> WHAT THE TASK REQUIRES
Output all records exactly, with no images.

> DATA SUPPLIED
..........
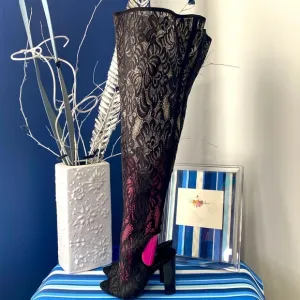 Black lace over the knee chunky high heel peep toe booties boots sandals sz 6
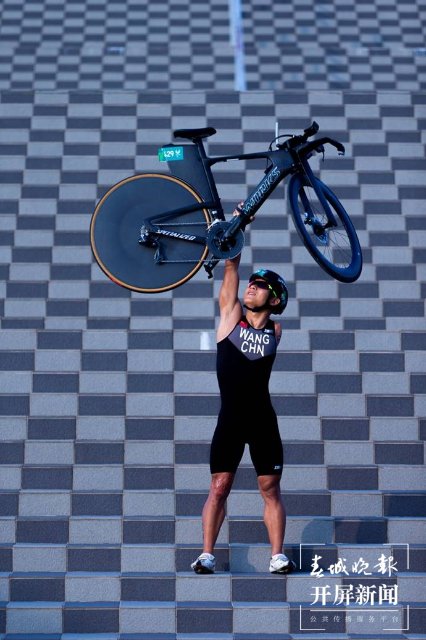 開(kāi)屏人物｜王家超：創(chuàng)造一個(gè)又一個(gè)奇跡的“鐵壁阿童木”（春城晚報(bào)-開(kāi)屏新聞?dòng)浾?李春麗 攝）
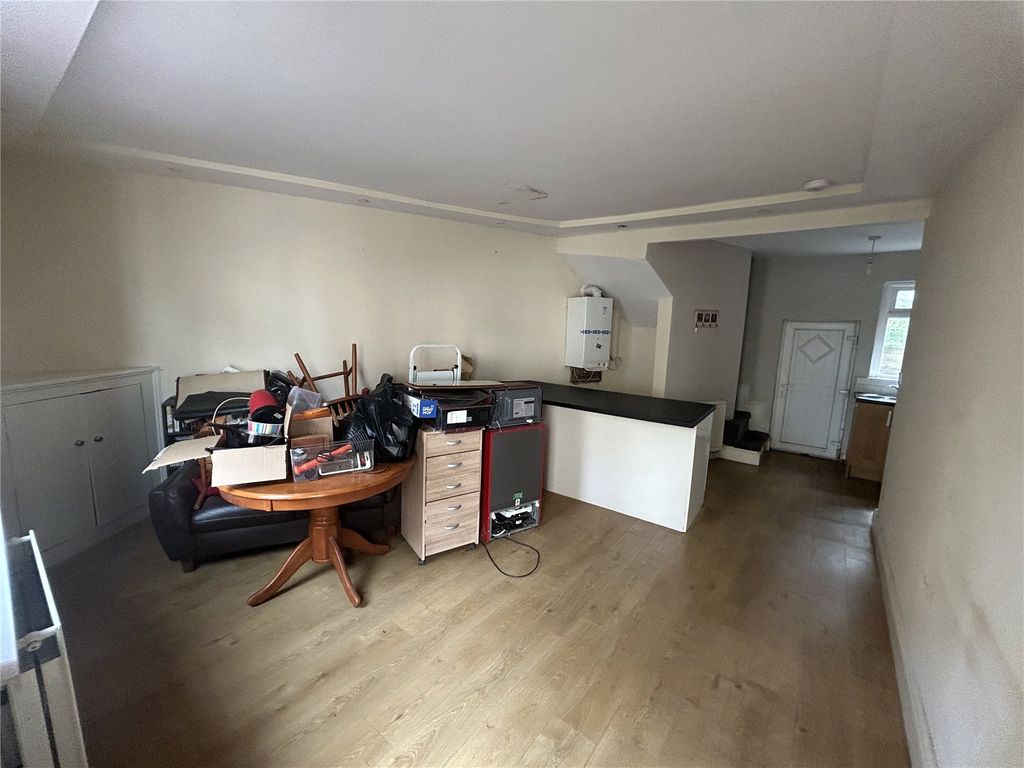Property photo 2 of 7 Picture No. 04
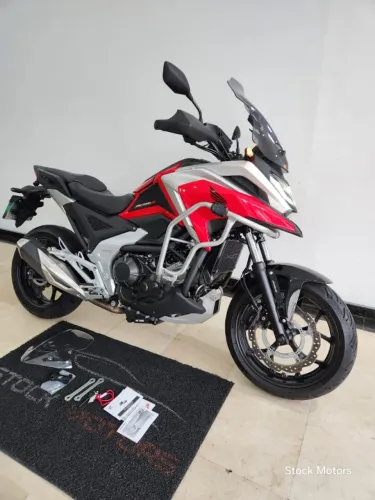 Honda Nc 750x Abs Embreagem 18.000km Equipada Vermelha 2022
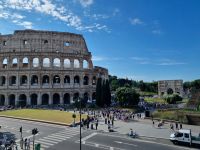 Rom - Kolosseum mit Konstantinsbogen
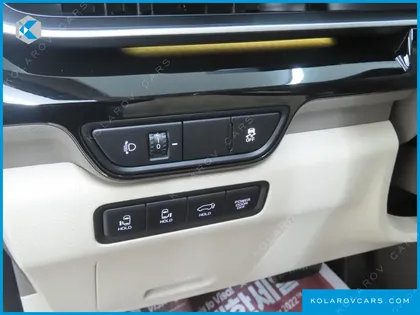 KIA CARNIVAL GASOLINE 7-SEATER SIGNATURE
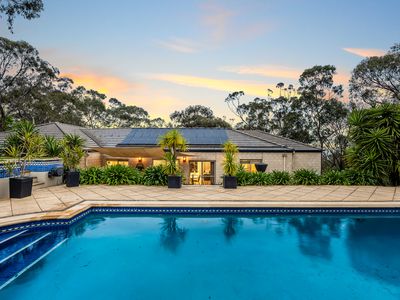 2 Nunyara Crescent, Belair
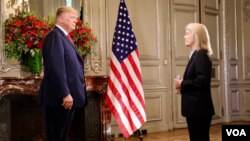 Presiden AS Donald Trump berbicara dengan kontributor VOA Greta Van Susteren di Buenos Aires, Argentina (Foto: Brian Allen, VOA).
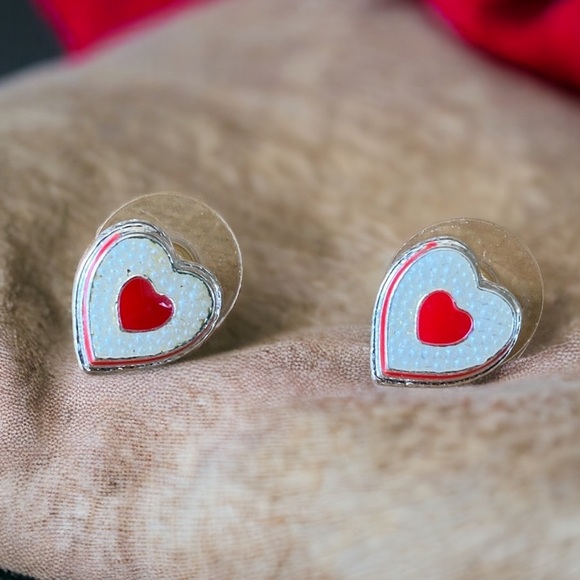 🎉HP🎉Napier Mini Heart Earrings - Picture 7 of 9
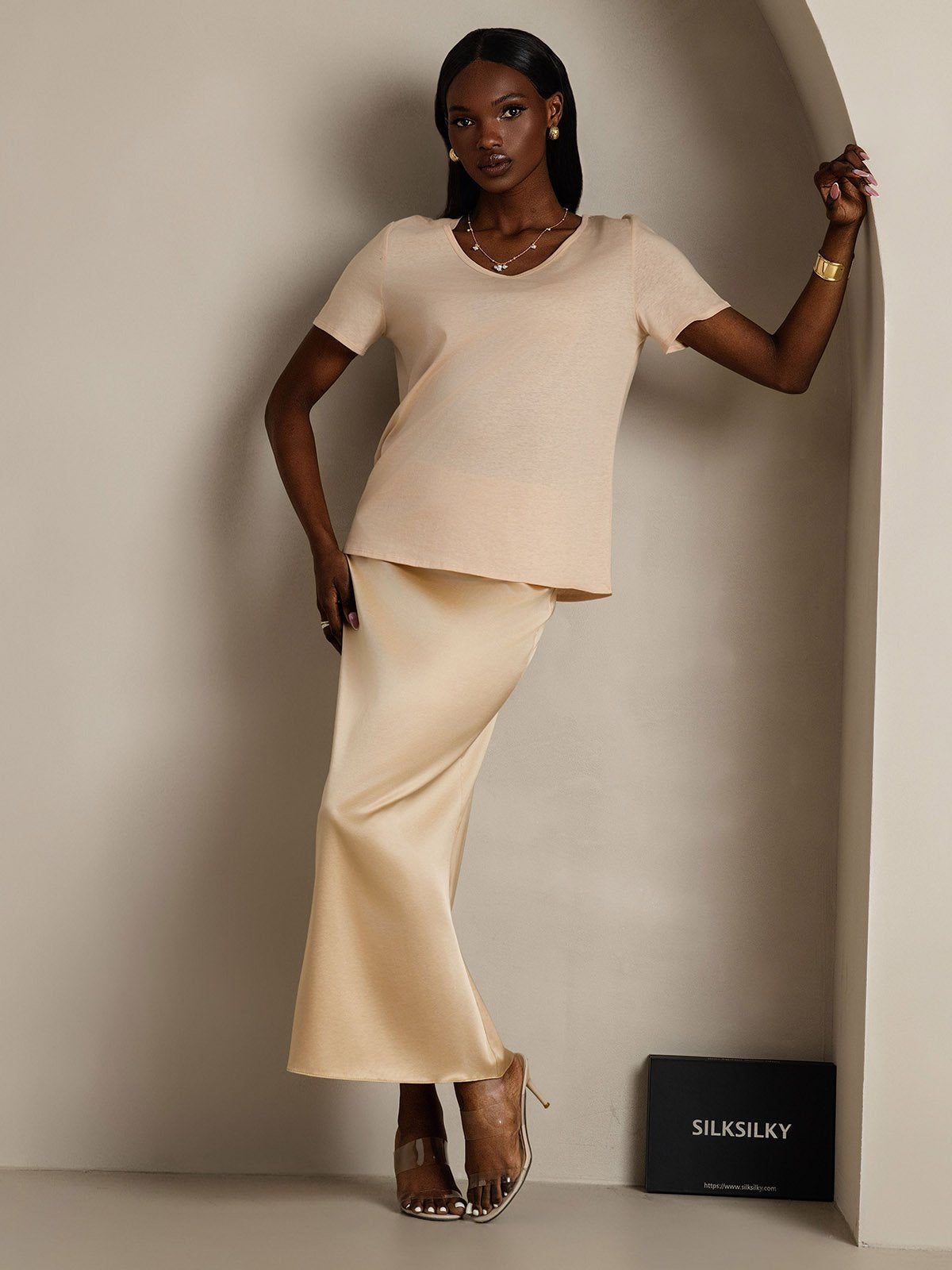 Silk Blend V-neck Women's T-Shirt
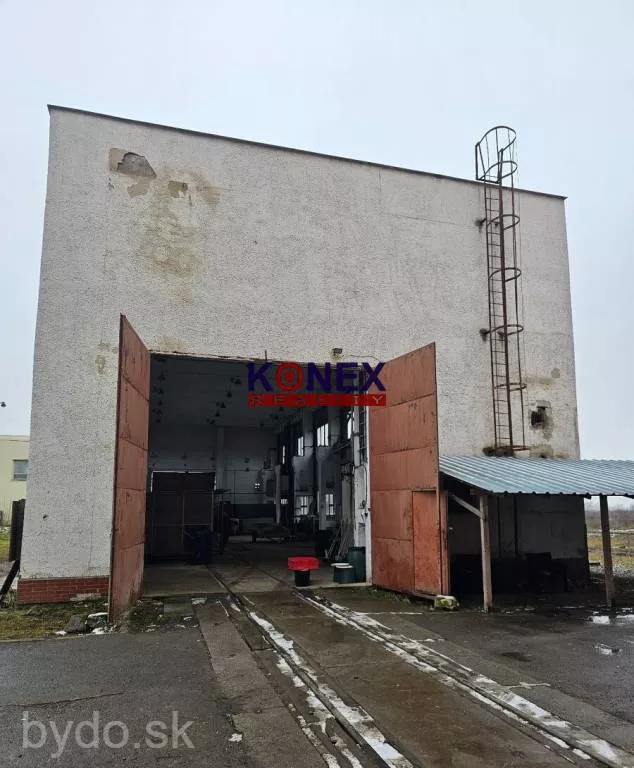 NA PREDAJ priemyselná hala v obci Hencovce, okres Vranov nad Topľou, 149523_4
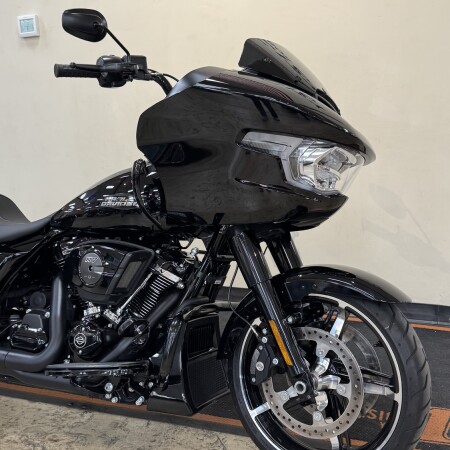 FLTRX 2025 Road Glide™ thumb 1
..........
> WRITTEN REPLY
 Black lace over the knee chunky high heel peep toe booties boots sandals sz 6
 開(kāi)屏人物｜王家超：創(chuàng)造一個(gè)又一個(gè)奇跡的“鐵壁阿童木”（春城晚報(bào)-開(kāi)屏新聞?dòng)浾?李春麗 攝）
Property photo 2 of 7 Picture No. 04
 Honda Nc 750x Abs Embreagem 18.000km Equipada Vermelha 2022
 Rom - Kolosseum mit Konstantinsbogen
 KIA CARNIVAL GASOLINE 7-SEATER SIGNATURE
 2 Nunyara Crescent, Belair
 Presiden AS Donald Trump berbicara dengan kontributor VOA Greta Van Susteren di Buenos Aires, Argentina (Foto: Brian Allen, VOA).
 🎉HP🎉Napier Mini Heart Earrings - Picture 7 of 9
 Silk Blend V-neck Women's T-Shirt
 NA PREDAJ priemyselná hala v obci Hencovce, okres Vranov nad Topľou, 149523_4
 FLTRX 2025 Road Glide™ thumb 1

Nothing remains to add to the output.